_Activity:_ Look through the data below for the line with "Hi, in front" and the line with "Hey, welcome back.", then transcribe exactly from the first through the second, leaving out all pictures.

(Records excerpted from a collection)
● ● ● ● ●

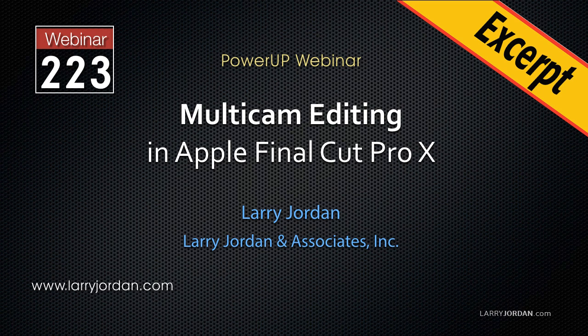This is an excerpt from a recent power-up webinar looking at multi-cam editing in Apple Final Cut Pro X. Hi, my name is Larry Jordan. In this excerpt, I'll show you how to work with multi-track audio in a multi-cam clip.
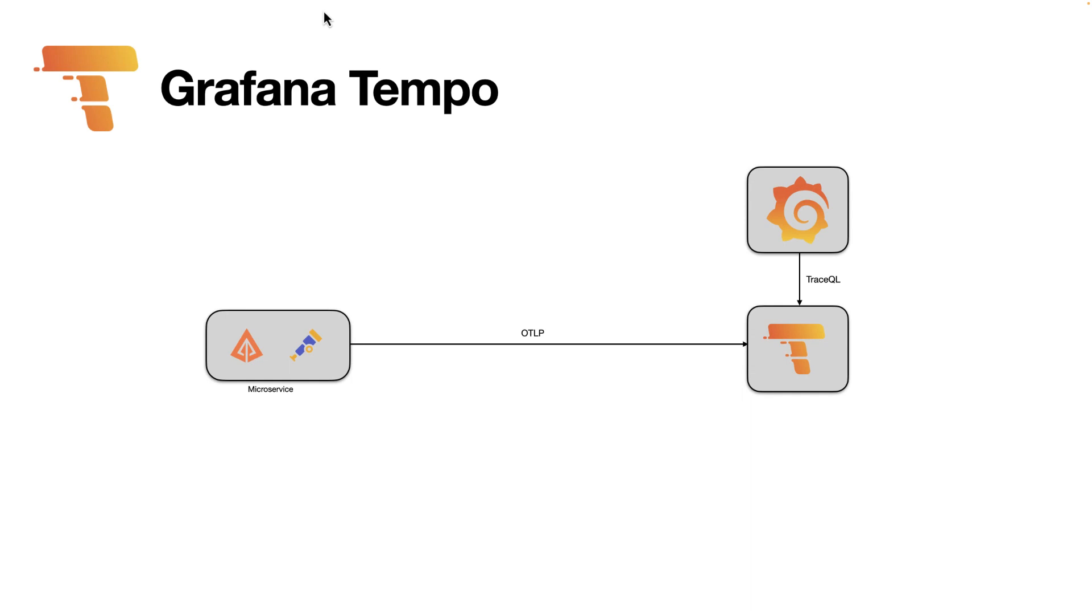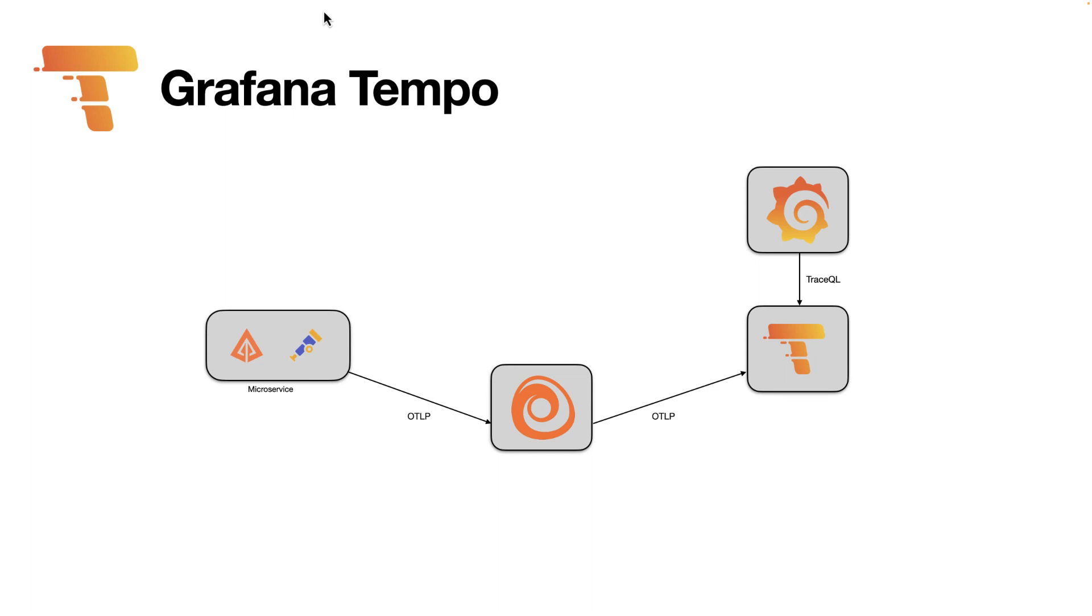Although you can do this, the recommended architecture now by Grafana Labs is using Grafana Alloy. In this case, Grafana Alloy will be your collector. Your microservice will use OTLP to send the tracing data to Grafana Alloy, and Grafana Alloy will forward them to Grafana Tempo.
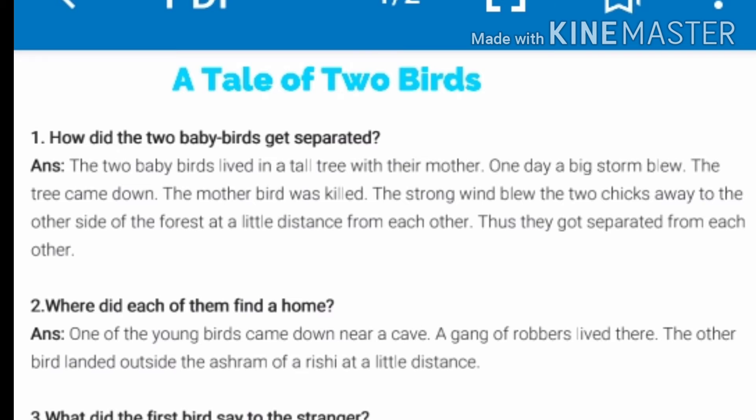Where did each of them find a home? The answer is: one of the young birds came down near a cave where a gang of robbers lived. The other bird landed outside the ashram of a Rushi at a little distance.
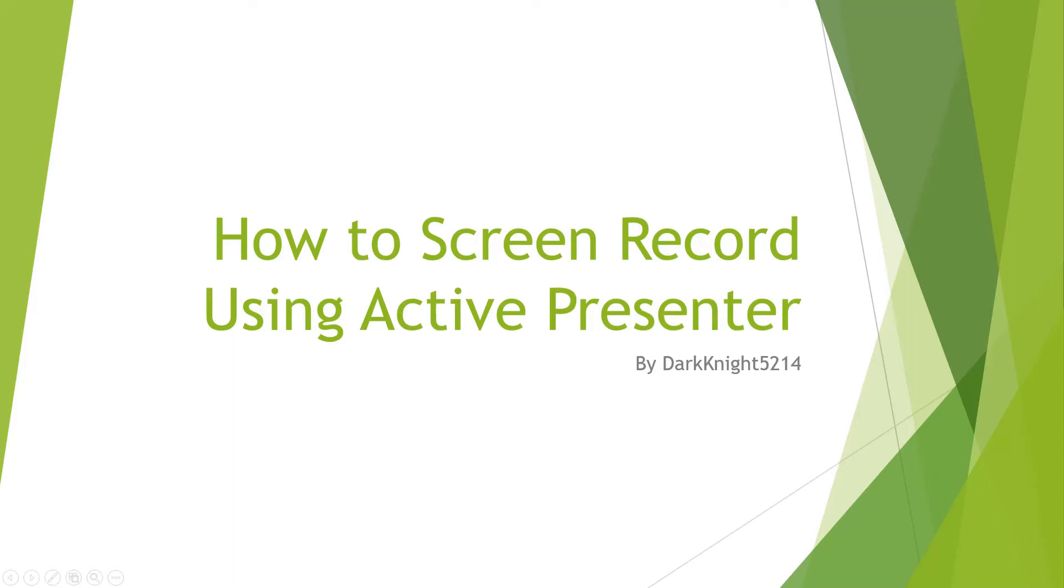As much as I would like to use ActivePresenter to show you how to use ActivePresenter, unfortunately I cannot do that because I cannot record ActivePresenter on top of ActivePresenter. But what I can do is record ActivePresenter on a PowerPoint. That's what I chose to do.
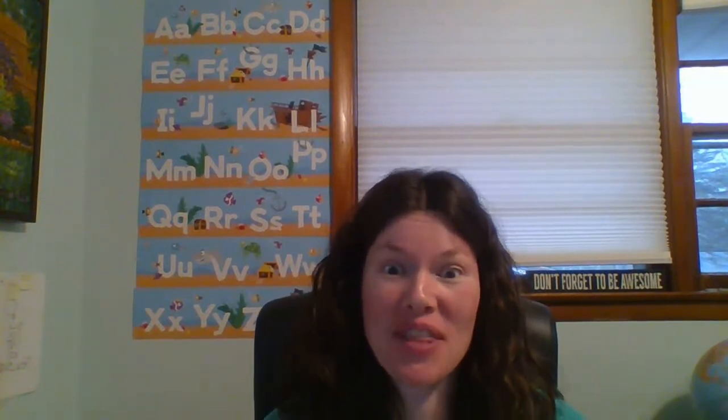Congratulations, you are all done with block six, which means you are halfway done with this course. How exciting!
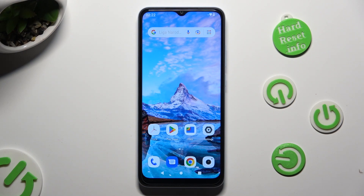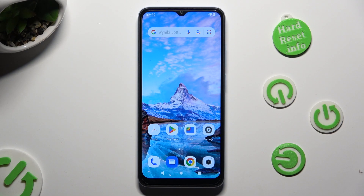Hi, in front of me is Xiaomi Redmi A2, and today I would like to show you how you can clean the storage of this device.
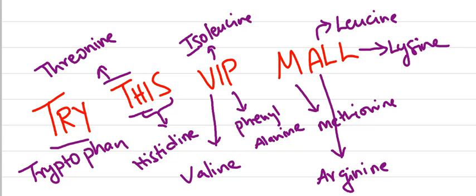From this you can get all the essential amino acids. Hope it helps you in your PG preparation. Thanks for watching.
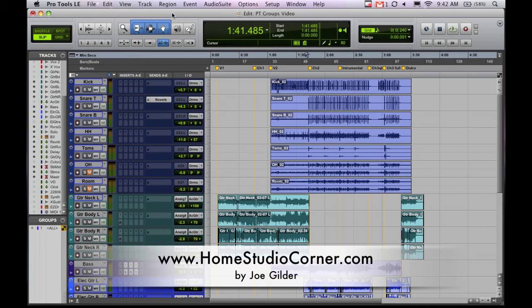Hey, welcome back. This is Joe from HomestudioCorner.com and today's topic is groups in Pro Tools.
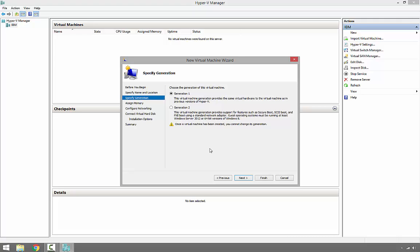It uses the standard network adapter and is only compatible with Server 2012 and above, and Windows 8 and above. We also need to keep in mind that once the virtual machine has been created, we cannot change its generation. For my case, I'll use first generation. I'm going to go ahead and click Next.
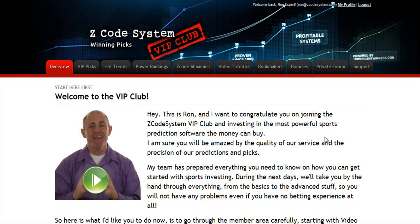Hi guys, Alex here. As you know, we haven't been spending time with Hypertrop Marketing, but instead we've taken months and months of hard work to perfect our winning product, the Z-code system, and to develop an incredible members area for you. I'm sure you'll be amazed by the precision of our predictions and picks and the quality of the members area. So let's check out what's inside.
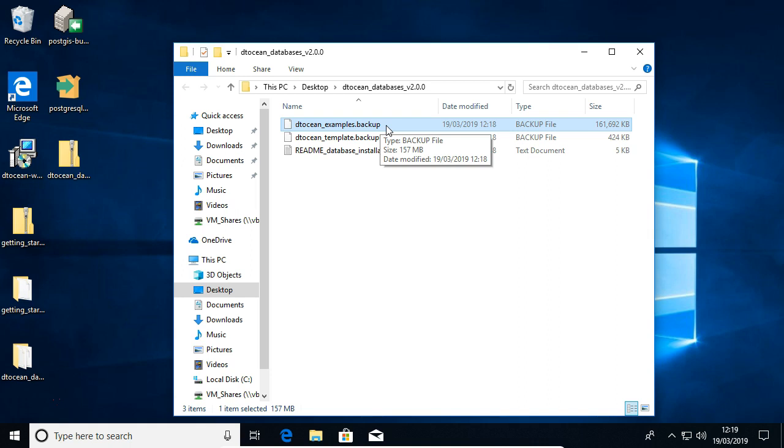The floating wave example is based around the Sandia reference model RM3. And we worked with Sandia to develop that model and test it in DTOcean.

● ● ● ● ●

_Reply to the task:_
Hi, in front of me is Xiaomi Redmi A2, and today I would like to show you how you can clean the storage of this device.
From this you can get all the essential amino acids. Hope it helps you in your PG preparation. Thanks for watching.
Hey, welcome back. This is Joe from HomestudioCorner.com and today's topic is groups in Pro Tools.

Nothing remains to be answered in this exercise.